Sigo a minha saída em bicicleta, sem ritmo e encontro-me outro “cabronazo”, “bom”, “cabronaza”. Era, na altura do Palácio de Valdés. Isto não pode ser! Igualmente lhe mando à merda e quando chegou à altura do Hotel Foxá de Três Cantos, vejo que a auto-estrada vai um carro da Guarda Civil. Em seguida me dou a volta e me primeiro voo da auto-estrada com tão má sorte que, naquele momento, os carros aceleram, e vejo que me escapam. Ponho-Me a bunda e chegou a sua altura. Eles seguiam o trilho do meio e depois as minhas chamadas abaixam a janela e indico a vocês o que acontece na ciclovia, justo nesse momento, chegamos à altura do terceiro carro. Nesse momento me dei a volta, mosqueado, impotente por não ter o telefone e ter gravado a estes abaixo do normal, que não tem respeito por nada. Me cruzei com um casal de ciclistas e pedi-lhes que se chegavam à sua altura que eles gravassem e o colgaran pelas redes sociais.

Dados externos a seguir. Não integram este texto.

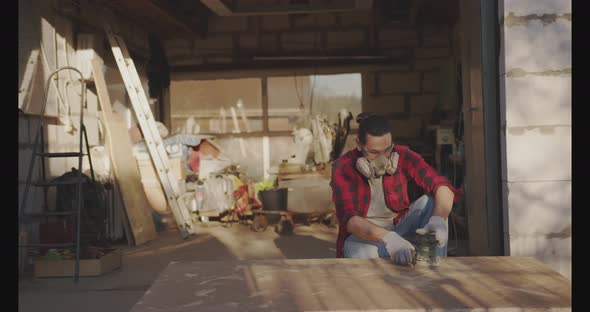 A Man in a Respirator Goggles Polishes a Parquet Board with an Orbital Sander alt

Essas pessoas que não tem respeito por ninguém, acha que tem mais direitos do que ninguém, um dia eles vão levar um desgosto. Um dia vão ter o Síndrome do Ciclista. Quando eu vou treinar, minha esposa sempre me diz: “muito cuidado” e eu confio, eu digo: “sim, você sabe que eu vou por a ciclovia”. Mas é que as mulheres têm um sexto sentido que nós não compreendemos. Minha mulher fica tranquila com essas palavras, ou, pelo menos, ficava tranquila. Eu me estava confiado, pensando muito em minhas filhas, minha mulher e o pequeno que virá em um mês. Mas alguém pode estropearme a vida ou a dos meus, como já aconteceu em algum ponto da Espanha e é então quando o condutor “que não queria fazer mal e foi sem querer” terá o Síndrome do Ciclista. Em que consiste? Simplesmente no que a cada vez que você ver um ciclista na rua, ou na tv (volta Espanha, França…) me verá a mim, me verá como eu atropelado, e como bateu no seu carro. Que Me ouvir, ouvir o meu grito, dizendo que eu ia tropellar, e ele ouvirá meu grito de dor ao me bater no carro. Me verá, verá o meu sangue no asfalto e olhar para o meu corpo deitado, já sem ido fazer nada para evitá-lo e você sim. Já não valem os lamentos, agora, por vidavida e vai pensar “se eu não queria fazê-lo”. Rapaz, o que eu não queria ser atropelado era eu, mas não consegui, me verás, e essa dor não será nada comparado com a dor de minhas filhas, com a dor de minha mulher e de meu filho, aquele que dentro de um mês vai nascer e que eu não posso ver, graças a você.

A partir destas palavras, meu amor e solidariedade para com aquelas pessoas que perderam um ciclista no asfalto.